- [Work instructions]: Your answer must be the exact lines below, starting with the line with "Paweł, Male, 26, Wrocław, Polska, Photo: 3" and going on through the line with "5305 TULIP DROP DR, WIMAUMA, FL, 33598", both included, with no pictures.

- [Record set]:
---

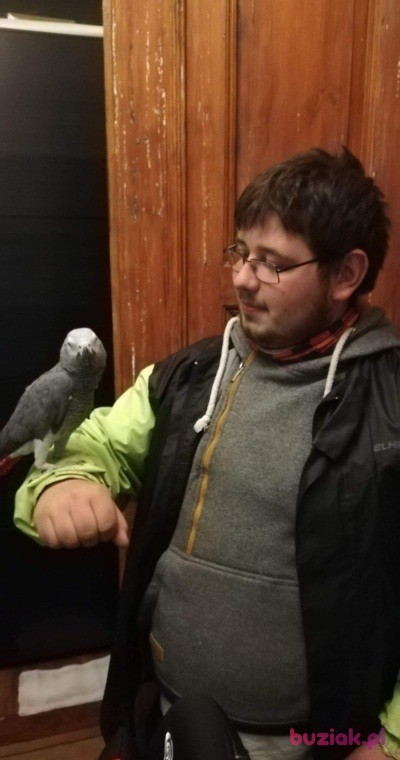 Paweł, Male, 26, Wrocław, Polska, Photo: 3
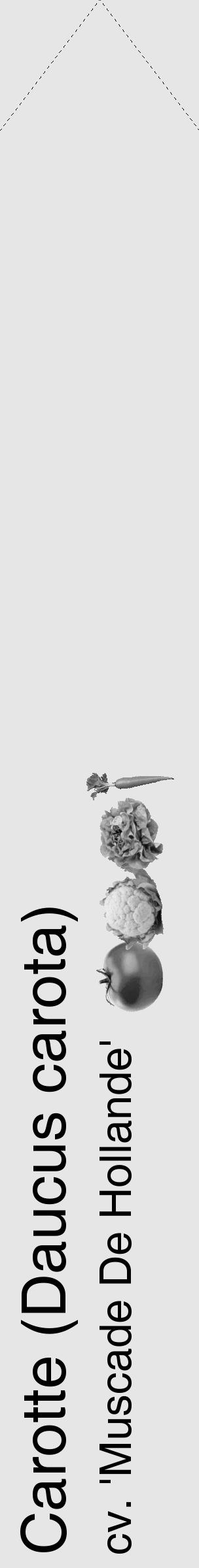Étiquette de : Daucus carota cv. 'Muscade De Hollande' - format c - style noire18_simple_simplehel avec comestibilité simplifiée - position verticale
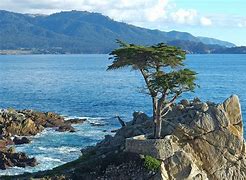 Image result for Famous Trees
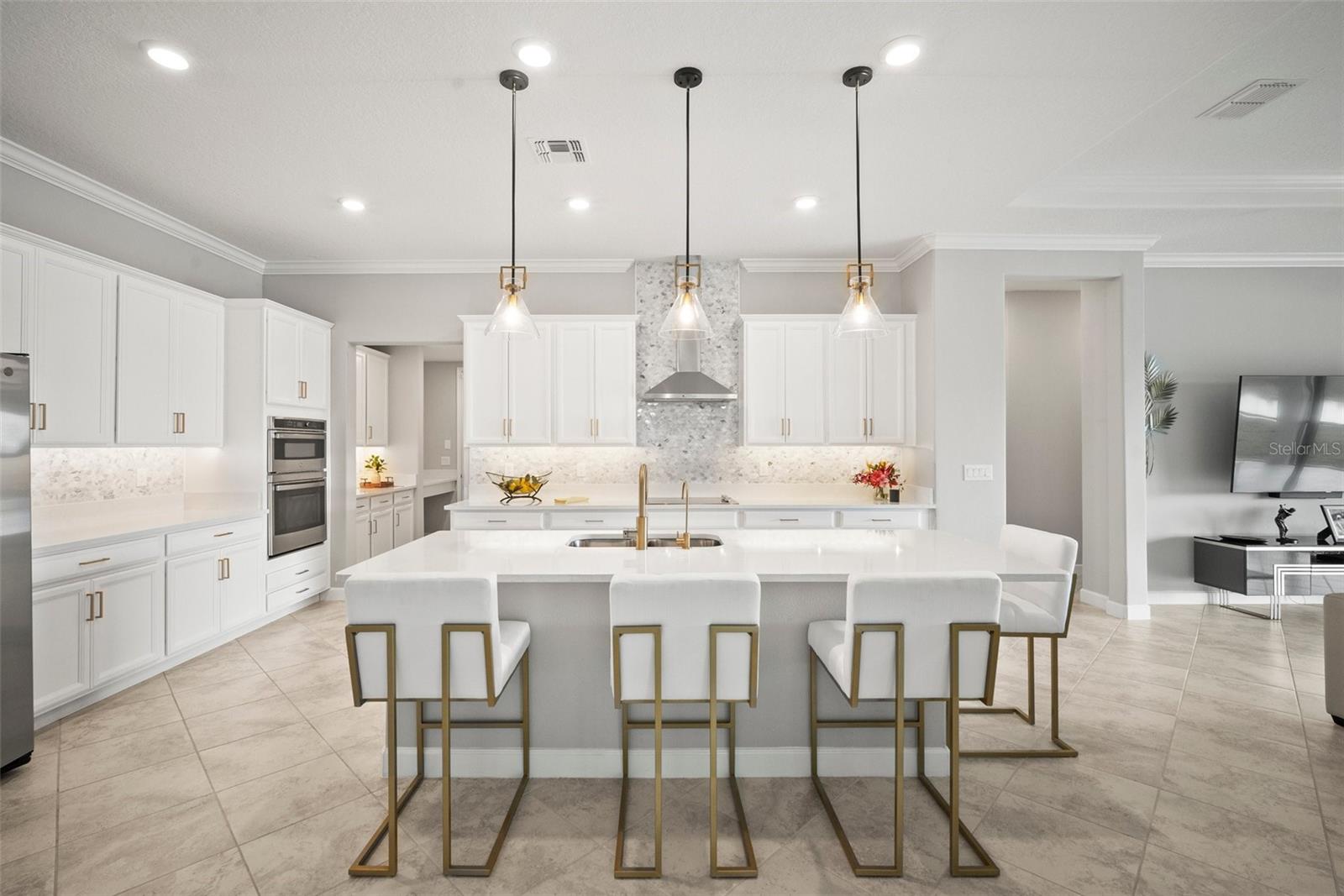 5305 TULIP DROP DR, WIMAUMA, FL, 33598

---

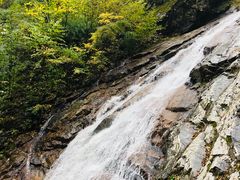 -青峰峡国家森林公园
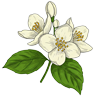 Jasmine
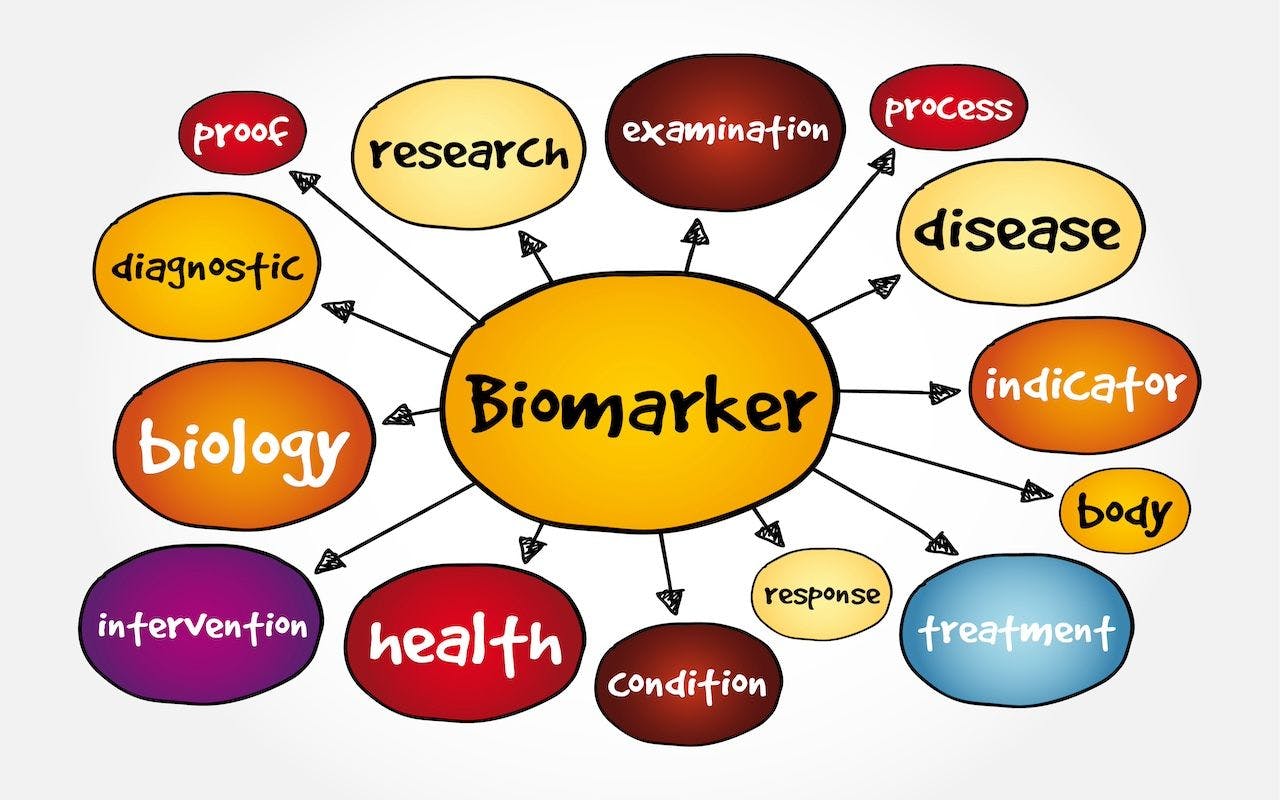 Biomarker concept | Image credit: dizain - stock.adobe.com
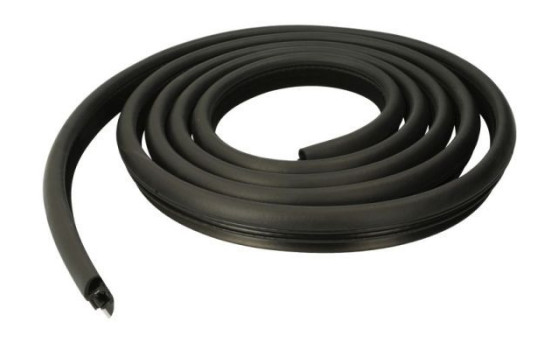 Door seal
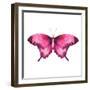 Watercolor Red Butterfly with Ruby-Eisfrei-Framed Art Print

---

- [Reply]:
 Paweł, Male, 26, Wrocław, Polska, Photo: 3
Étiquette de : Daucus carota cv. 'Muscade De Hollande' - format c - style noire18_simple_simplehel avec comestibilité simplifiée - position verticale
 Image result for Famous Trees
 5305 TULIP DROP DR, WIMAUMA, FL, 33598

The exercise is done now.